_Problem requirements_. Set out word for word the line that contains "Garage / Parking" and each line after it, through the end of the data below, but exclude the pictures.

[Items from a data source]
---

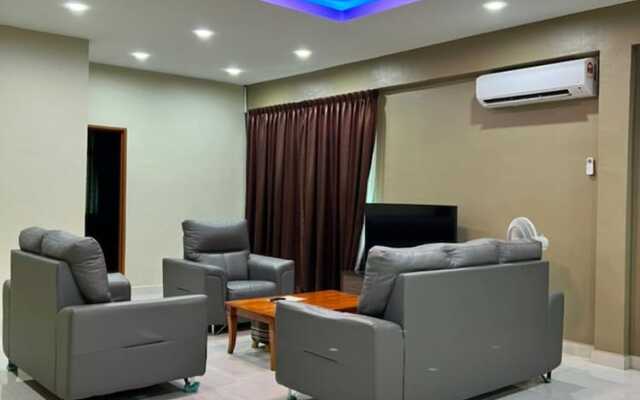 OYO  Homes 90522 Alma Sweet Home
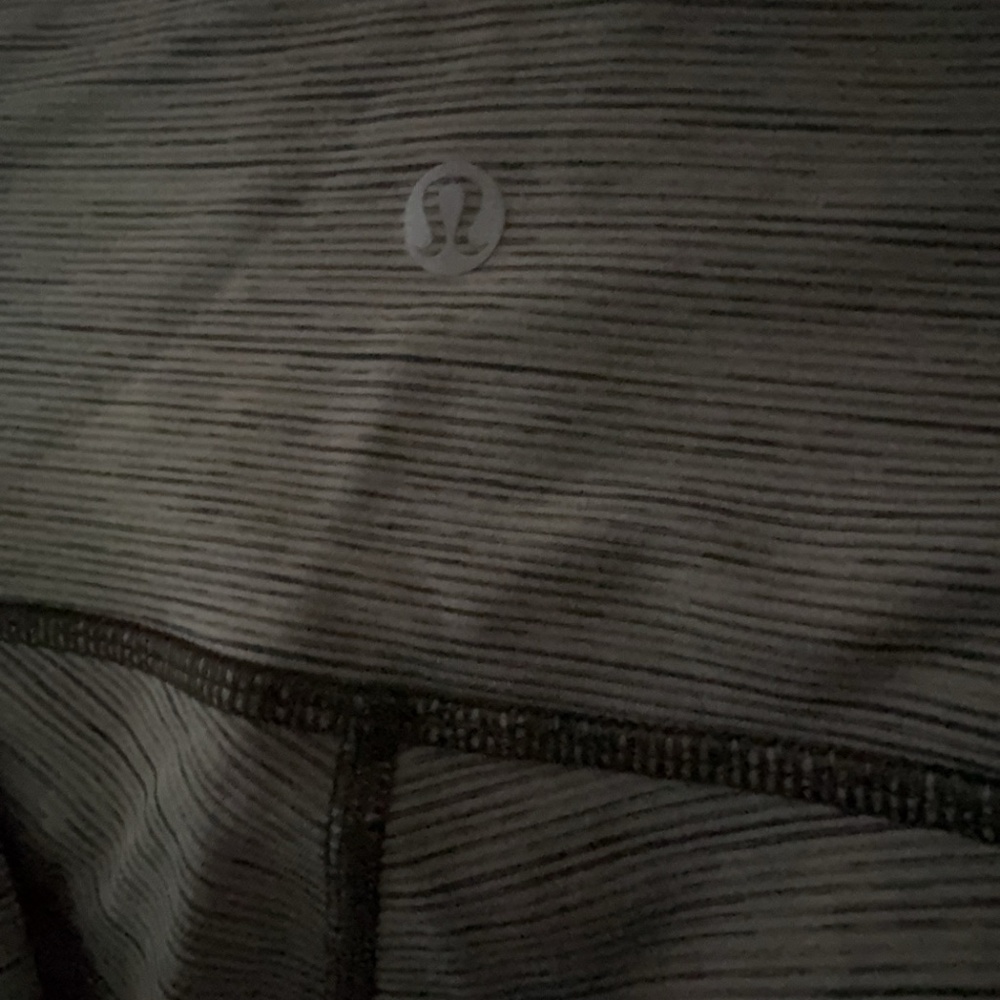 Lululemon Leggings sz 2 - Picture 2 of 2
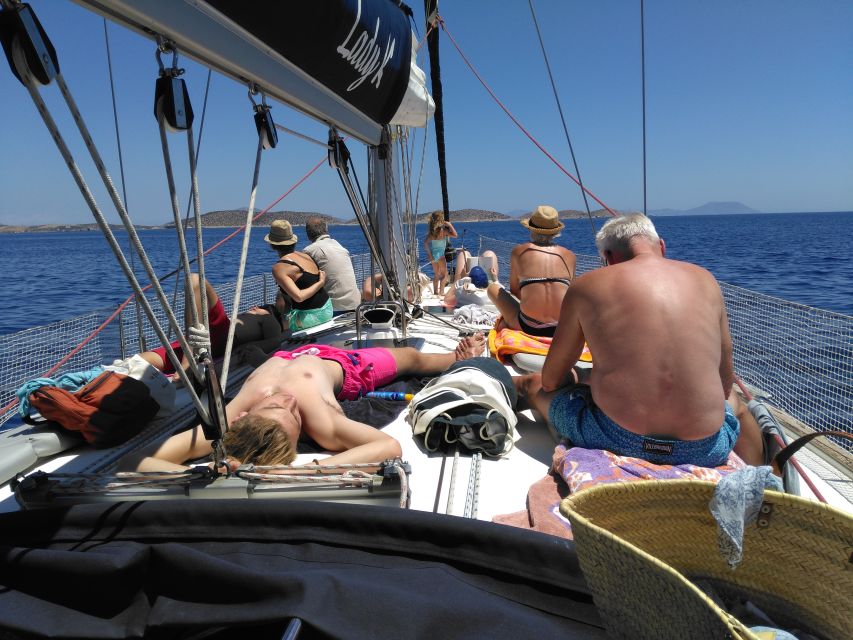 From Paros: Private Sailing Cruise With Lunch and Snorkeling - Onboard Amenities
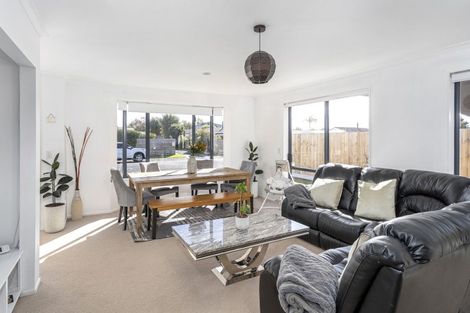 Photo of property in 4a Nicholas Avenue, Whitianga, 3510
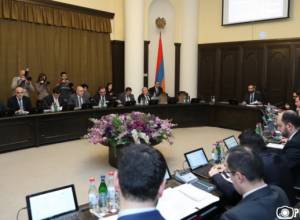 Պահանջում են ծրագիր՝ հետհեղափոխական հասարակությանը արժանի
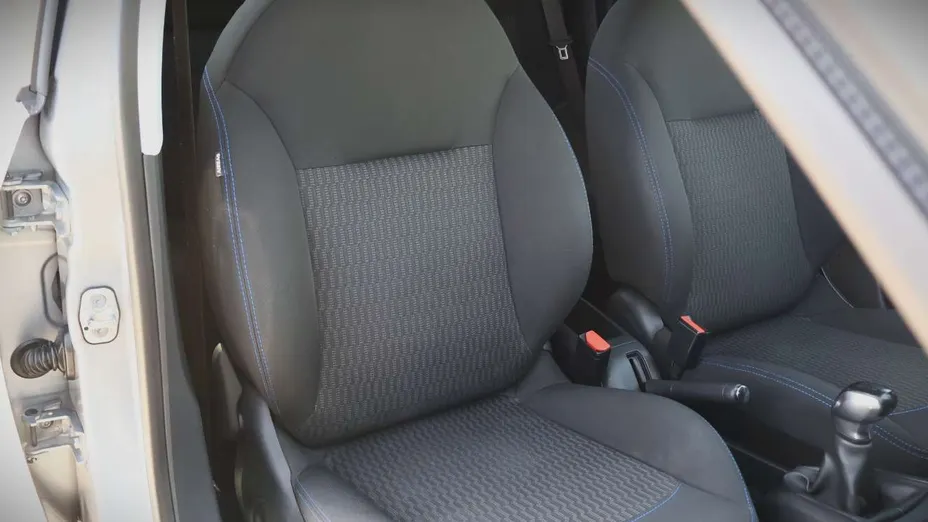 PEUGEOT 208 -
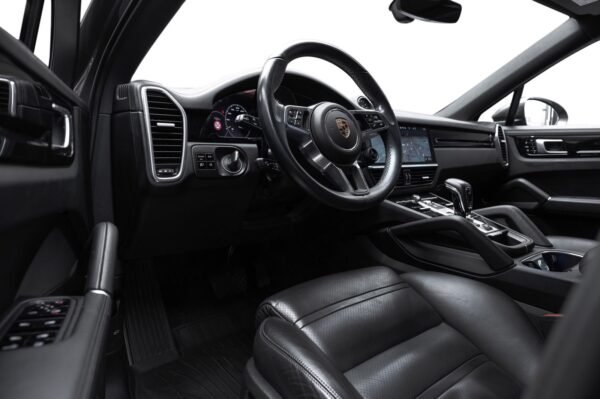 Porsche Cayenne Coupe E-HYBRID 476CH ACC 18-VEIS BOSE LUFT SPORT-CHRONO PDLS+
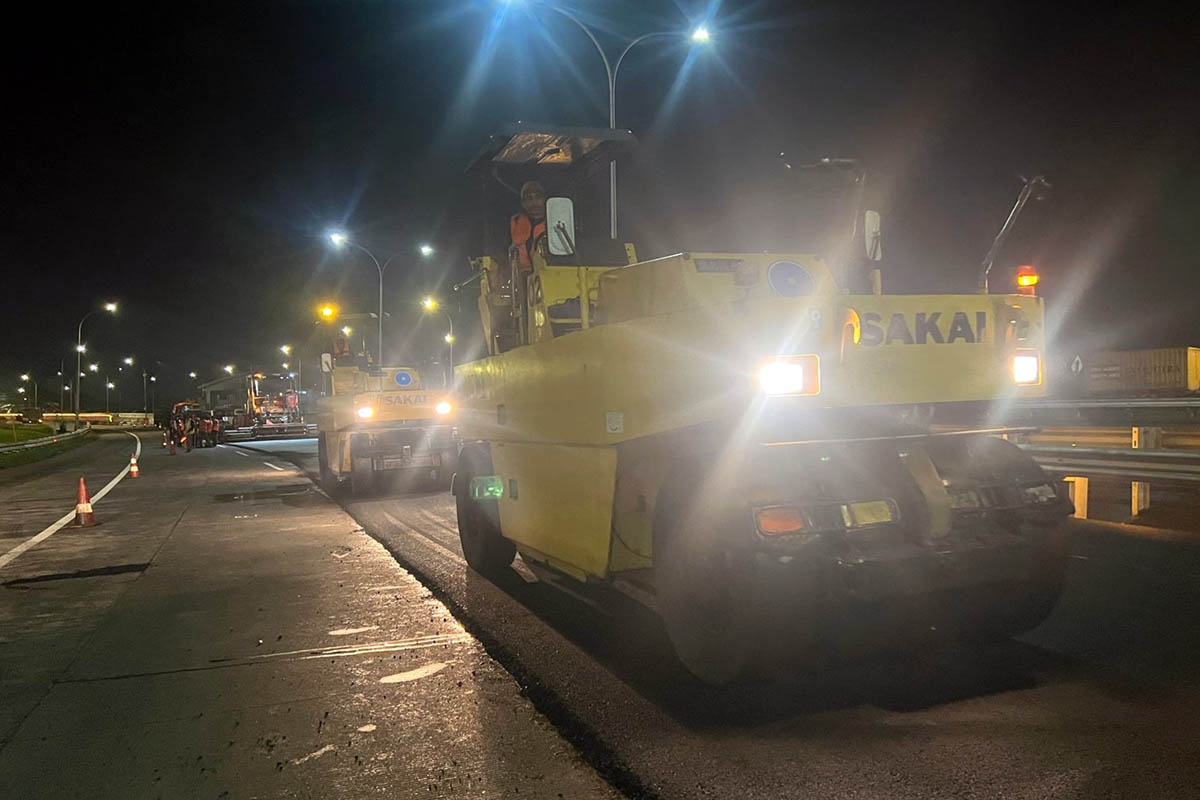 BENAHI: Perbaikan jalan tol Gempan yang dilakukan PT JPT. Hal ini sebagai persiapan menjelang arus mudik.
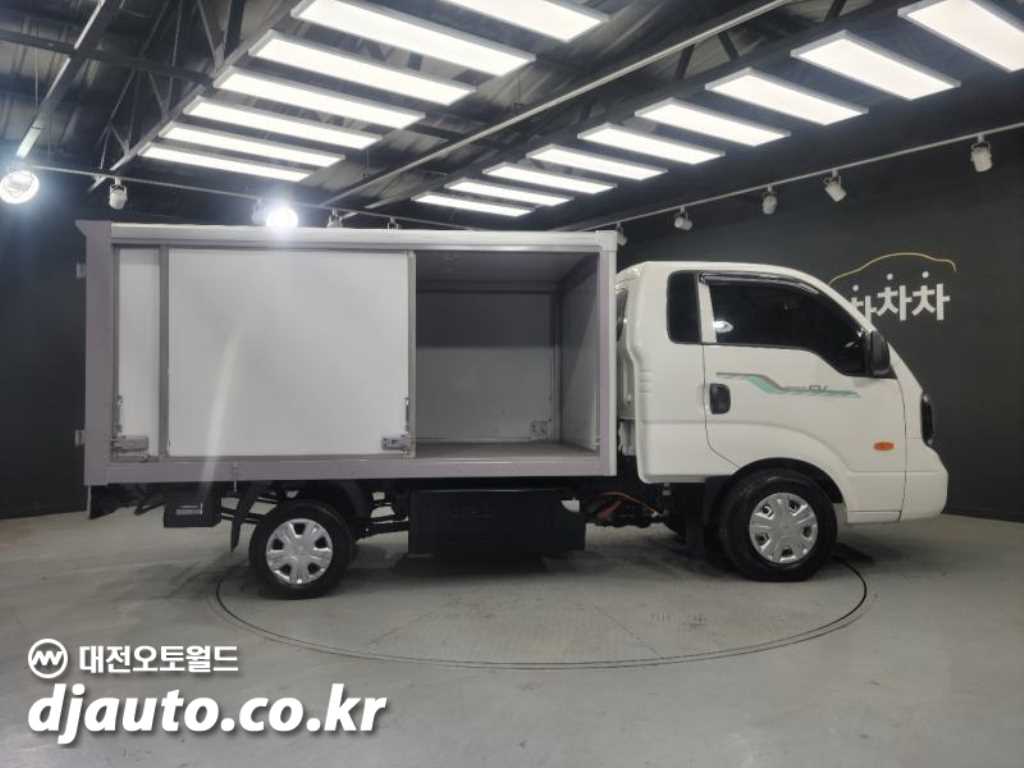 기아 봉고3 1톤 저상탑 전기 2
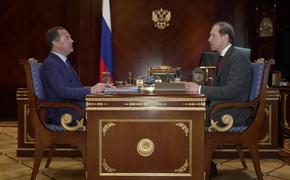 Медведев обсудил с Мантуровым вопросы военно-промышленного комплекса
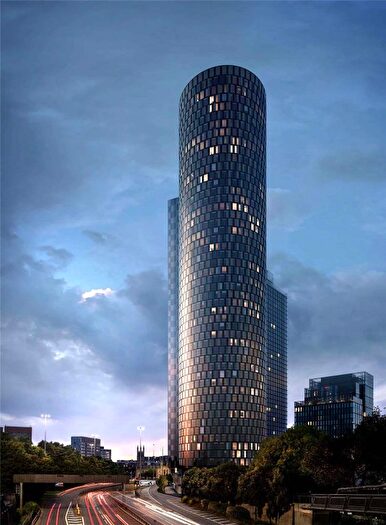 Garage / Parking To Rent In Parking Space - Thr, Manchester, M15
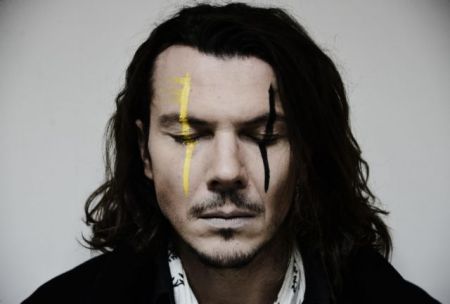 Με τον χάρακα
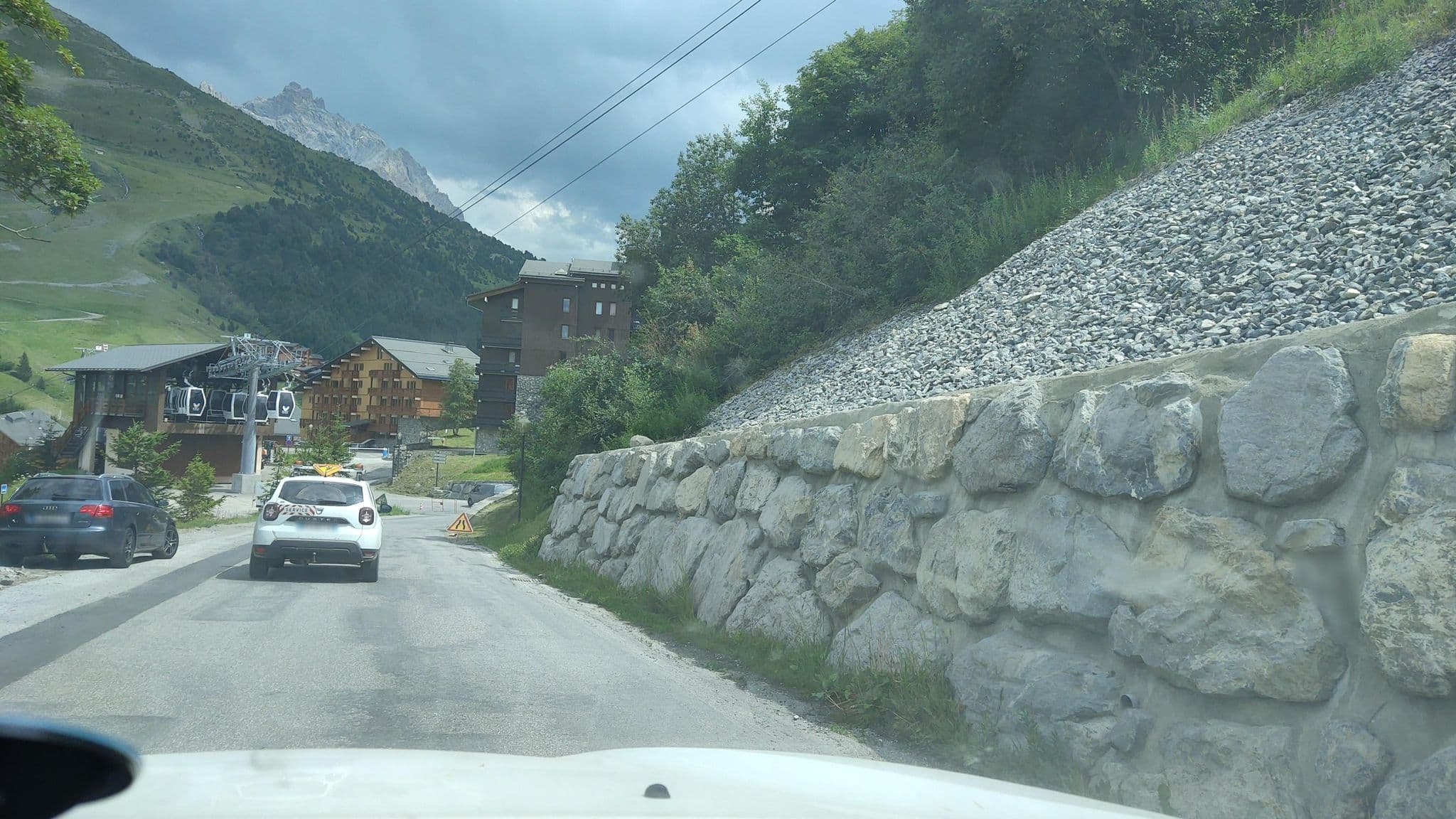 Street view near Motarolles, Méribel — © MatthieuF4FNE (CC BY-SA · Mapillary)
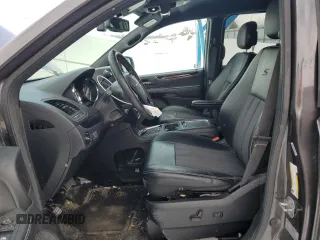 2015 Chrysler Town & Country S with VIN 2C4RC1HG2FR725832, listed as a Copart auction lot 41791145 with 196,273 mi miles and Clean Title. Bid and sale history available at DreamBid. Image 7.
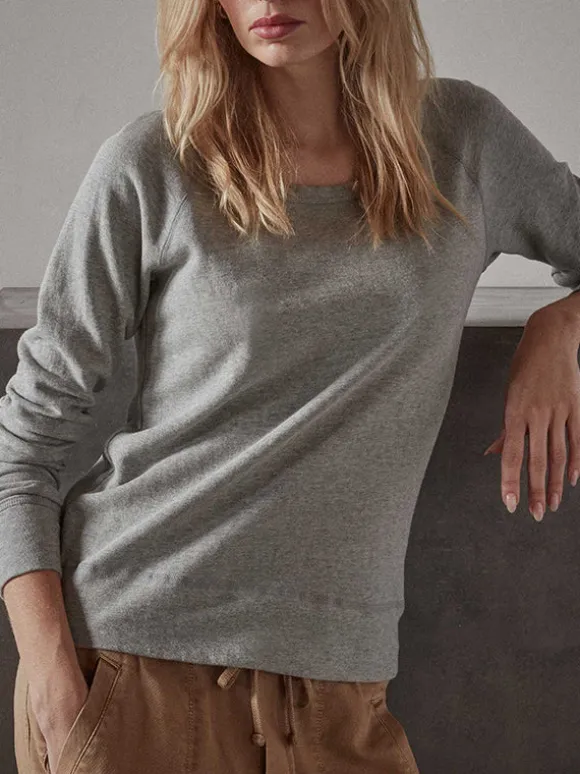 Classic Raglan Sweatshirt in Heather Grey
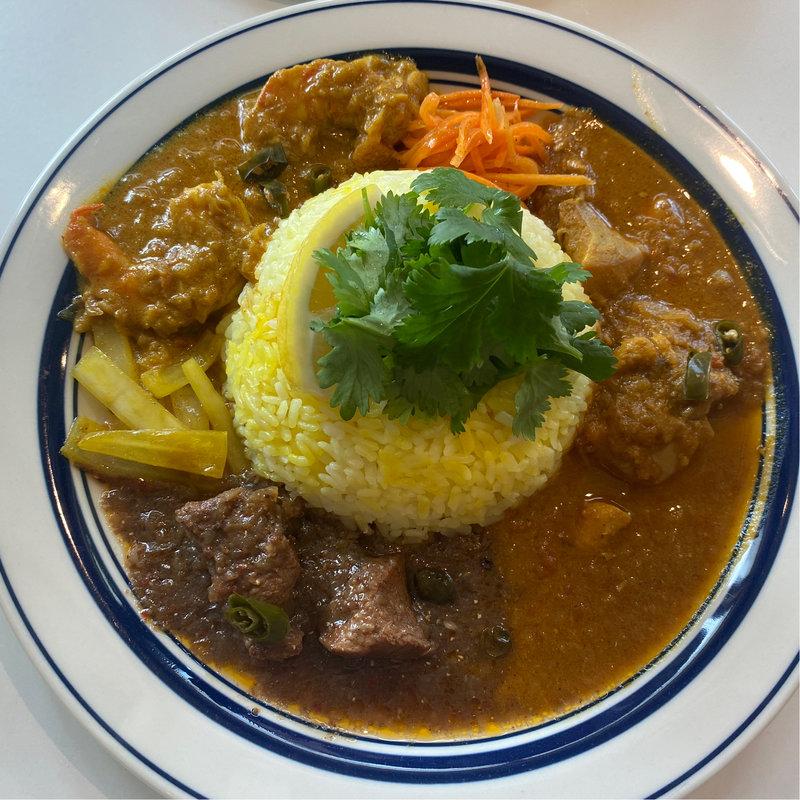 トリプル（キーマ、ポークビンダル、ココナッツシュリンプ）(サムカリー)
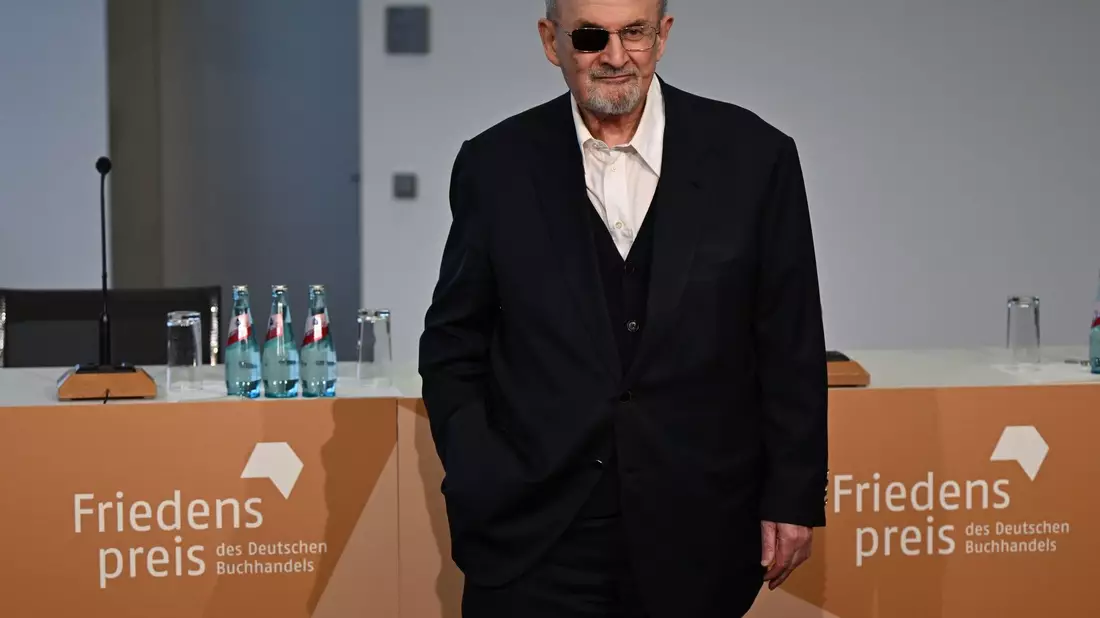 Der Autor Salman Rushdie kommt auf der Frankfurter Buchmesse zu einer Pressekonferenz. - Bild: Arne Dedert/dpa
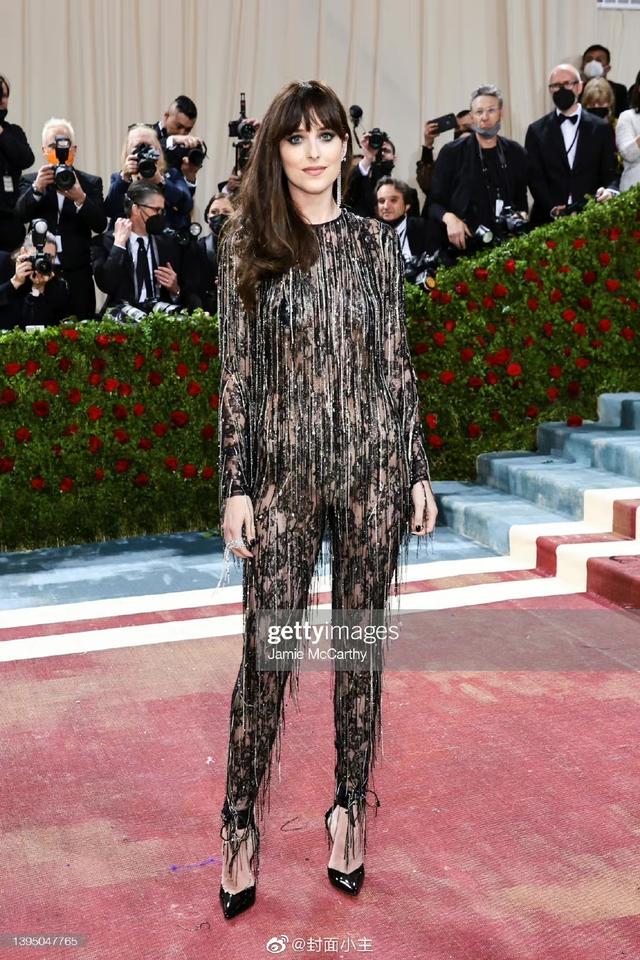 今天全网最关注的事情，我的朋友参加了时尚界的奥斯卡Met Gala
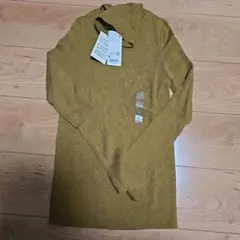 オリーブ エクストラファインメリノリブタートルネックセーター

---

_Written solution_.
 Garage / Parking To Rent In Parking Space - Thr, Manchester, M15
 Με τον χάρακα
 Street view near Motarolles, Méribel — © MatthieuF4FNE (CC BY-SA · Mapillary)
 2015 Chrysler Town & Country S with VIN 2C4RC1HG2FR725832, listed as a Copart auction lot 41791145 with 196,273 mi miles and Clean Title. Bid and sale history available at DreamBid. Image 7.
 Classic Raglan Sweatshirt in Heather Grey
 トリプル（キーマ、ポークビンダル、ココナッツシュリンプ）(サムカリー)
 Der Autor Salman Rushdie kommt auf der Frankfurter Buchmesse zu einer Pressekonferenz. - Bild: Arne Dedert/dpa
 今天全网最关注的事情，我的朋友参加了时尚界的奥斯卡Met Gala
 オリーブ エクストラファインメリノリブタートルネックセーター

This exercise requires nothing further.